DATASET: Begin
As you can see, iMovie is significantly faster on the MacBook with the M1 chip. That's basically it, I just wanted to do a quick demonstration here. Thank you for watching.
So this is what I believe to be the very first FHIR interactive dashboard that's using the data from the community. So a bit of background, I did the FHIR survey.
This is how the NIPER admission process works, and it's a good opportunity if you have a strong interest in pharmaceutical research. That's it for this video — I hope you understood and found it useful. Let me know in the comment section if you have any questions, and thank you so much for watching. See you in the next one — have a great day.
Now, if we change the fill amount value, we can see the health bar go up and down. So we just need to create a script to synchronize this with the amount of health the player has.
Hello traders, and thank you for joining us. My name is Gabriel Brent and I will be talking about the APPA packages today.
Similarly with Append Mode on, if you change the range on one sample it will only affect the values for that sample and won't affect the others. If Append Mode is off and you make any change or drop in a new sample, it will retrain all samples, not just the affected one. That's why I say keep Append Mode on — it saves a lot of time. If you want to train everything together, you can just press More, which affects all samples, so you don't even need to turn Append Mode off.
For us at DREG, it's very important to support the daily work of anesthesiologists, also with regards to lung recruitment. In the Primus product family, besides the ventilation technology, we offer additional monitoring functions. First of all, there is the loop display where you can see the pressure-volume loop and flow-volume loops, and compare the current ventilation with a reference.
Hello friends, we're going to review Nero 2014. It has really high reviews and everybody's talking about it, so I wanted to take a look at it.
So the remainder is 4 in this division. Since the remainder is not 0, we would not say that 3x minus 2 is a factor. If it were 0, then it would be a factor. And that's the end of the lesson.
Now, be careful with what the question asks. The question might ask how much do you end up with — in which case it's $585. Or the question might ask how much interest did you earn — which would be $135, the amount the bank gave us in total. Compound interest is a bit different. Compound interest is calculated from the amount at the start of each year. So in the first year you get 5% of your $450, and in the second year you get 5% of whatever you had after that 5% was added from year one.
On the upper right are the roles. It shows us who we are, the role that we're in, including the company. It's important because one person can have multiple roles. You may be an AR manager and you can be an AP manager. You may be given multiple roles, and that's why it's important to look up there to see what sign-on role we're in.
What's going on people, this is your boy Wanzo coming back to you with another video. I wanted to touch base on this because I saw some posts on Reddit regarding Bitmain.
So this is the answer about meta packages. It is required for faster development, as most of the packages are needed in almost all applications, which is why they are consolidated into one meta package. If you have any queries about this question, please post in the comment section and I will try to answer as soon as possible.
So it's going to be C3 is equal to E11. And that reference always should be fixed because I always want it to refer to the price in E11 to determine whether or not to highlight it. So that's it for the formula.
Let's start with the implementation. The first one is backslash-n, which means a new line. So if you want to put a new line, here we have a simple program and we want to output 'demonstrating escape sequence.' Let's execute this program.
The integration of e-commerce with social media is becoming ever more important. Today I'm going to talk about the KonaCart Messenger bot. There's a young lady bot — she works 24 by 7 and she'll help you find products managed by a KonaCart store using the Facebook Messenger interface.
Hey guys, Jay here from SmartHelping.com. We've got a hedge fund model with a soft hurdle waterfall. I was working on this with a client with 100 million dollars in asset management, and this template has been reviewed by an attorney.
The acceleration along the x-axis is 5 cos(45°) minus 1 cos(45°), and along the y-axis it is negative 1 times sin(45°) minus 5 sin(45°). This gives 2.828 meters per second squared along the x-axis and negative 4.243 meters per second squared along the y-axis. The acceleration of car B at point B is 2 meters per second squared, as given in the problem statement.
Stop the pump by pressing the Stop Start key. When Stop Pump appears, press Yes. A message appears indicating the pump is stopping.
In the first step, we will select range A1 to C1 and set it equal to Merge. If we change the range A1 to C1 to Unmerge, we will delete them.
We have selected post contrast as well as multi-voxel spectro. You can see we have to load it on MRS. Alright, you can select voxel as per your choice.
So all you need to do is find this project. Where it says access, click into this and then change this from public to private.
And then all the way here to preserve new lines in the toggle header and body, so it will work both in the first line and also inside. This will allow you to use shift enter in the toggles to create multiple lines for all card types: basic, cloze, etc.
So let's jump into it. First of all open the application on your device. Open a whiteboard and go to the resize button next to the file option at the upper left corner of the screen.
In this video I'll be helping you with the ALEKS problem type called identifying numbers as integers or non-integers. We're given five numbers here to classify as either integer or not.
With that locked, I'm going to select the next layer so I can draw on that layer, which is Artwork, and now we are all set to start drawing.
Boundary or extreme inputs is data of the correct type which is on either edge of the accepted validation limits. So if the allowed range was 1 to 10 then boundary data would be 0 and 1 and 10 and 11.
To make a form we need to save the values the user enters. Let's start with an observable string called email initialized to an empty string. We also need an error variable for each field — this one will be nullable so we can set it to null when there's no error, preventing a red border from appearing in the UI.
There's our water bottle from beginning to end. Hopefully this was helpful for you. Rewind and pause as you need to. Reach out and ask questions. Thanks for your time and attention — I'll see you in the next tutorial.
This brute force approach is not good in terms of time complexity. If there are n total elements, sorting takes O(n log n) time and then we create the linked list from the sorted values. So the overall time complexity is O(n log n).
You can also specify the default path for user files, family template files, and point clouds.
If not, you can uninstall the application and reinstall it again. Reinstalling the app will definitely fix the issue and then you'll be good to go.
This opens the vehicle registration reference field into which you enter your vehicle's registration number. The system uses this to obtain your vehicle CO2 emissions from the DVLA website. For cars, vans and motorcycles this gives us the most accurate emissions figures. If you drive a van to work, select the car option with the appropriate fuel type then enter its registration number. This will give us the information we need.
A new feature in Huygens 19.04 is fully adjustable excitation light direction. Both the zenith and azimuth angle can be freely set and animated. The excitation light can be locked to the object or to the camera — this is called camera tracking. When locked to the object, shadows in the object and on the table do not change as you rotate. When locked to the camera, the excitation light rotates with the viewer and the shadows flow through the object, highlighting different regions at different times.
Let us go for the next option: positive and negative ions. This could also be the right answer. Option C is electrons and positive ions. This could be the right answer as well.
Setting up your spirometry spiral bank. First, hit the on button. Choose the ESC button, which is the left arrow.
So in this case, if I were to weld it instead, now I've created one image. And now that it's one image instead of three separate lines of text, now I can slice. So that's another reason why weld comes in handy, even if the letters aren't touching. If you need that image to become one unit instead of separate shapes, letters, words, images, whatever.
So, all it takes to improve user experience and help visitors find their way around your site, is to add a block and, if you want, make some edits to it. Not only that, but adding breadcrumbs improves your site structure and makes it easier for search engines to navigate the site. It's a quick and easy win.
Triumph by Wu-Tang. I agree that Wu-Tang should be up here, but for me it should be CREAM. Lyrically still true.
DATASET: End
§ BRIEF: Report each line in the data above that holds the word "because" by copying it.

§ RESPONSE TO THIS TASK:
On the upper right are the roles. It shows us who we are, the role that we're in, including the company. It's important because one person can have multiple roles. You may be an AR manager and you can be an AP manager. You may be given multiple roles, and that's why it's important to look up there to see what sign-on role we're in.
What's going on people, this is your boy Wanzo coming back to you with another video. I wanted to touch base on this because I saw some posts on Reddit regarding Bitmain.
So it's going to be C3 is equal to E11. And that reference always should be fixed because I always want it to refer to the price in E11 to determine whether or not to highlight it. So that's it for the formula.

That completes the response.